* **Records shown**
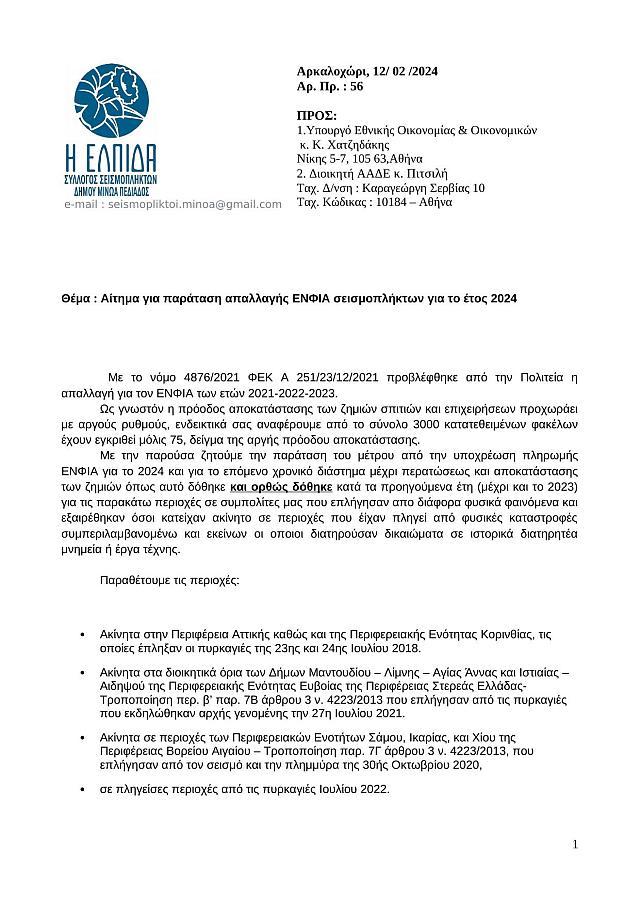 ΕΝΦΙΑ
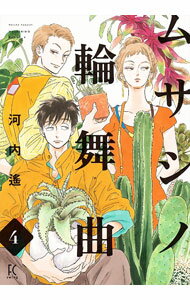 【中古】【全品10倍！4/1限定】ムサシノ輪舞曲 4/ 河内遙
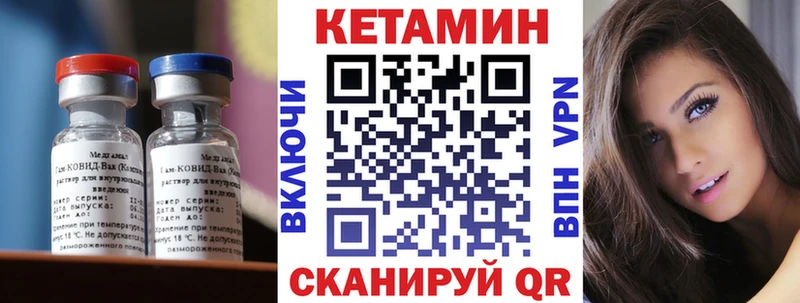 даркнет сайт  Осташков  МЕГА как войти  Кетамин VHQ 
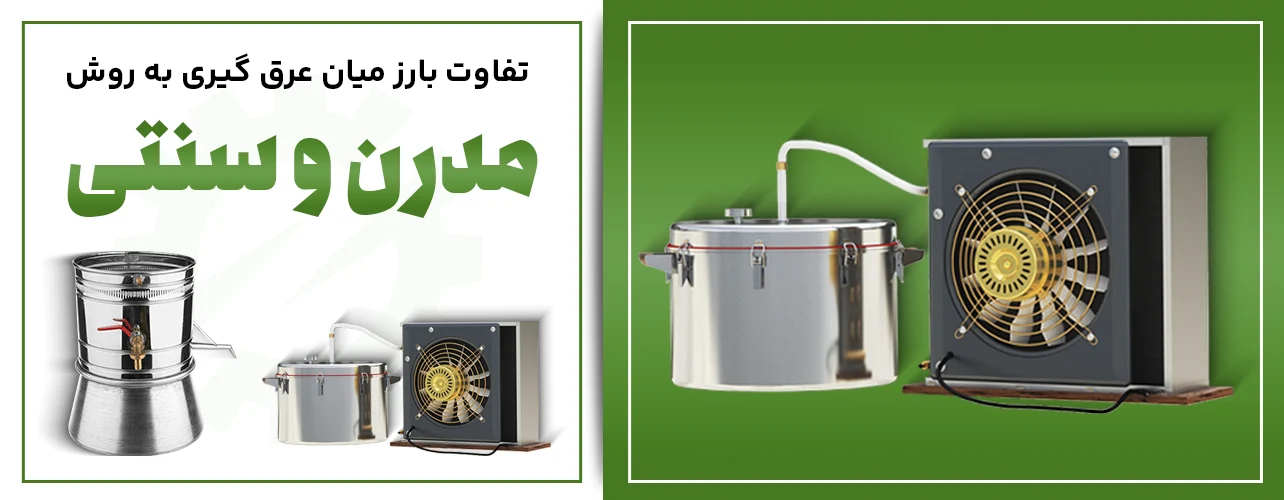 تفاوت بارز میان عرق گیری به روش مدرن و سنتی را نمی دانستید؟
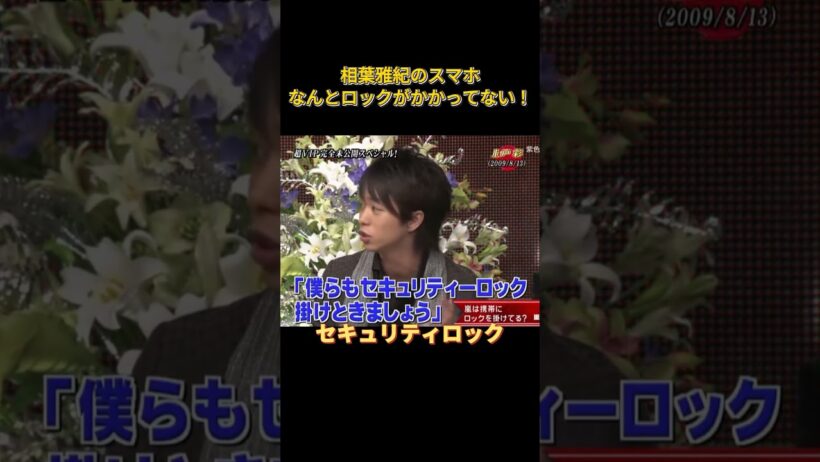 相葉雅紀のスマホ、なんとロックがかかってない！ #面白い #funny #お笑い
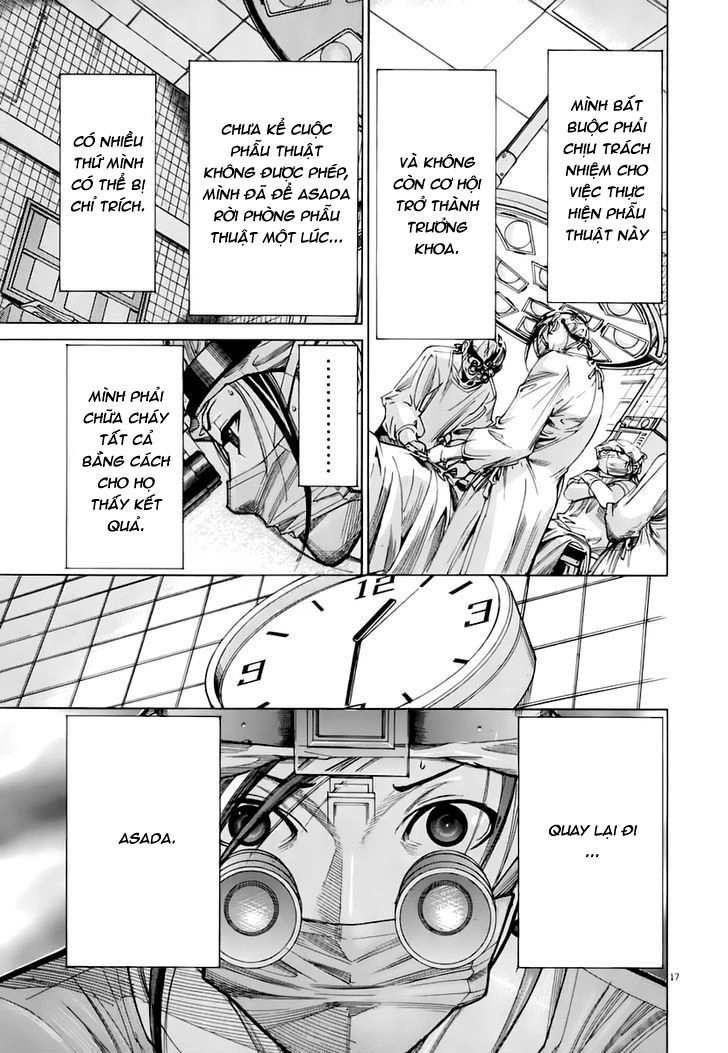 Team Medical Dragon Chapter 82 - 17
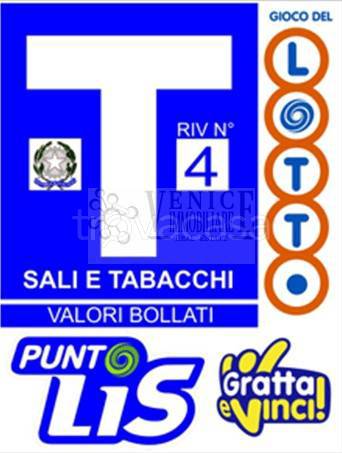 negozio in vendita a Venezia in zona Mestre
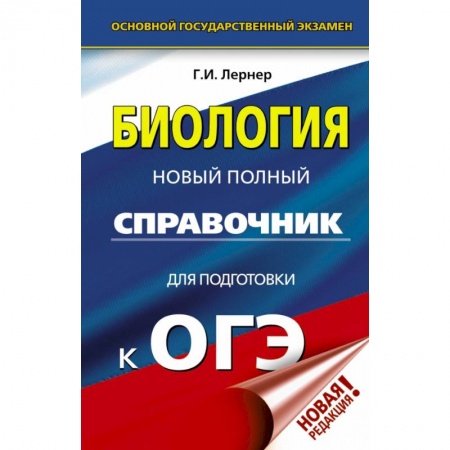 Учебная литература, книга ОГЭ. Биология. Новый полный справочник для подготовки к ОГЭ купить по скидке
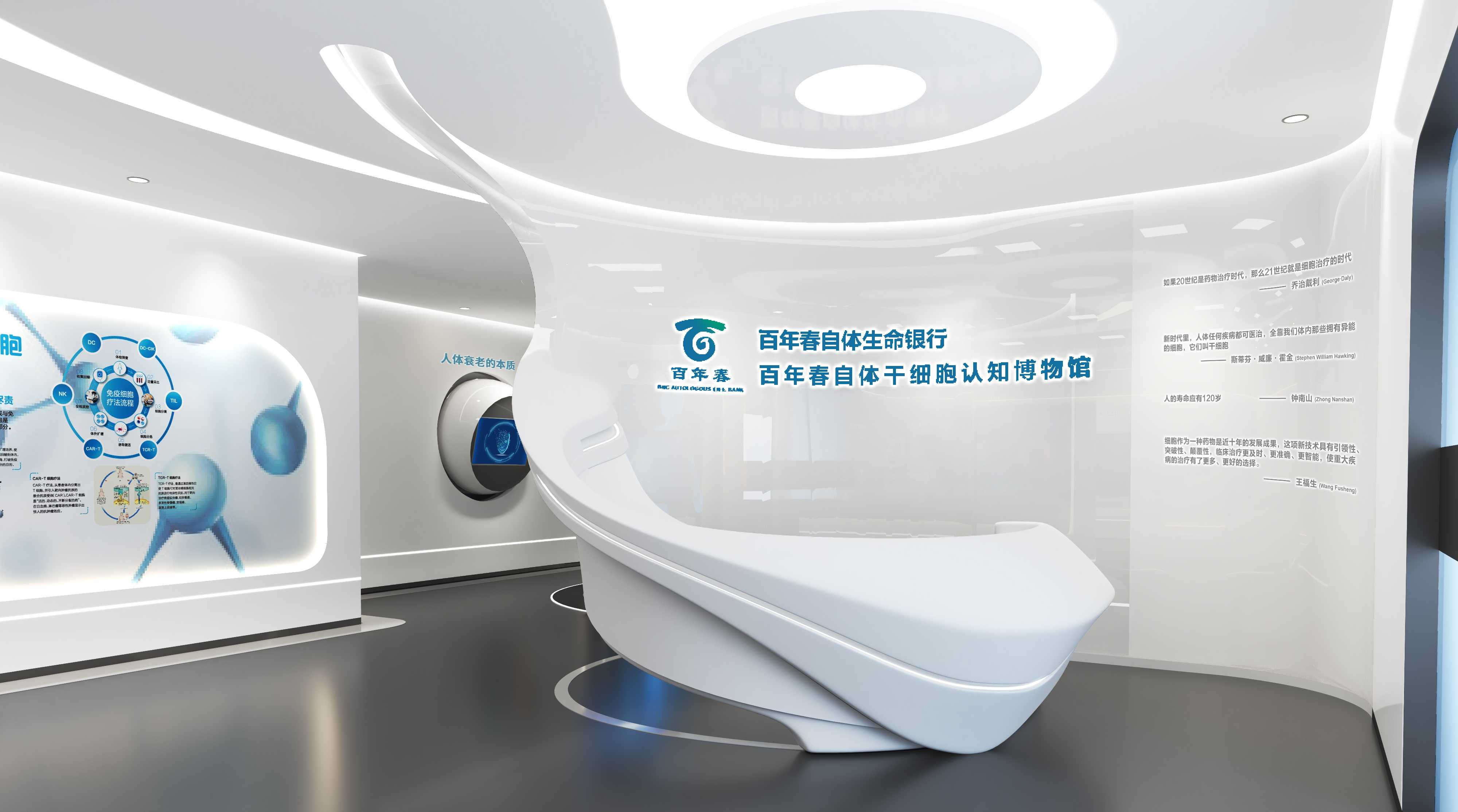 展廳設計：打造品牌的獨特視覺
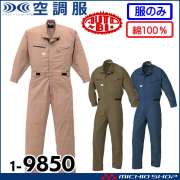オートバイ　山田辰　空調服　つなぎ　LL 空調服 山田辰 オートバイ 長袖つなぎ服(ファンなし) 1-9850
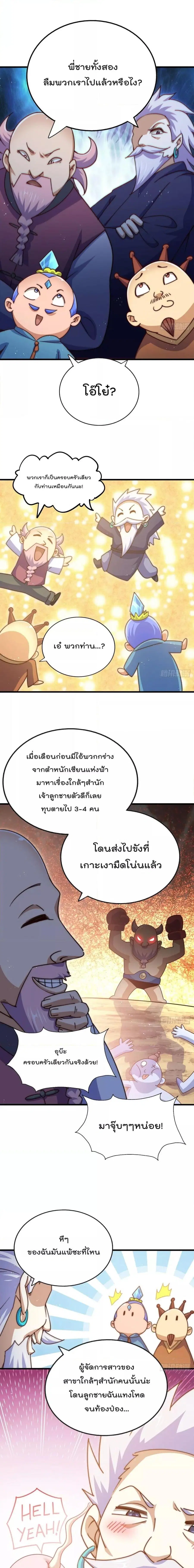 Who is your Daddy ตอนที่ 217 หน้า 12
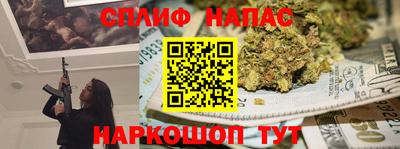 хмурый Коммунар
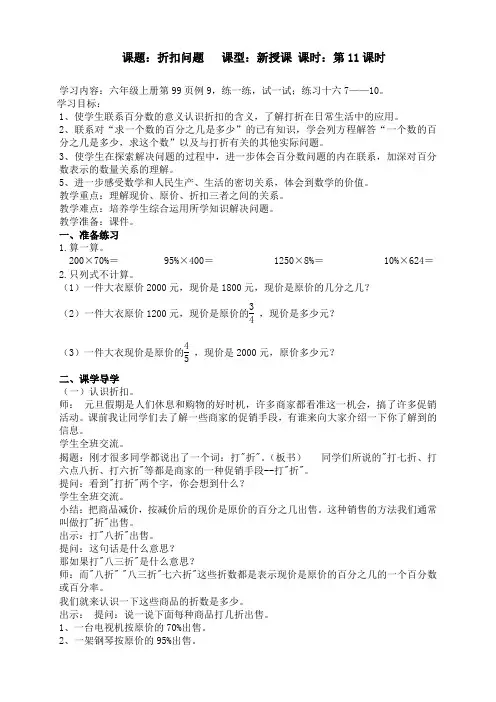 【精编】六年级上册数学教案-6.11 折扣问题｜苏教版(2014秋)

* **Goal of the exercise**
Using the listing above, write out exactly the lines from the one that holds "Учебная литература, книга" through the last line, both included, and omit pictures.

* **Reply**
 Учебная литература, книга ОГЭ. Биология. Новый полный справочник для подготовки к ОГЭ купить по скидке
 展廳設計：打造品牌的獨特視覺
オートバイ　山田辰　空調服　つなぎ　LL 空調服 山田辰 オートバイ 長袖つなぎ服(ファンなし) 1-9850
 Who is your Daddy ตอนที่ 217 หน้า 12
 хмурый Коммунар
 【精编】六年级上册数学教案-6.11 折扣问题｜苏教版(2014秋)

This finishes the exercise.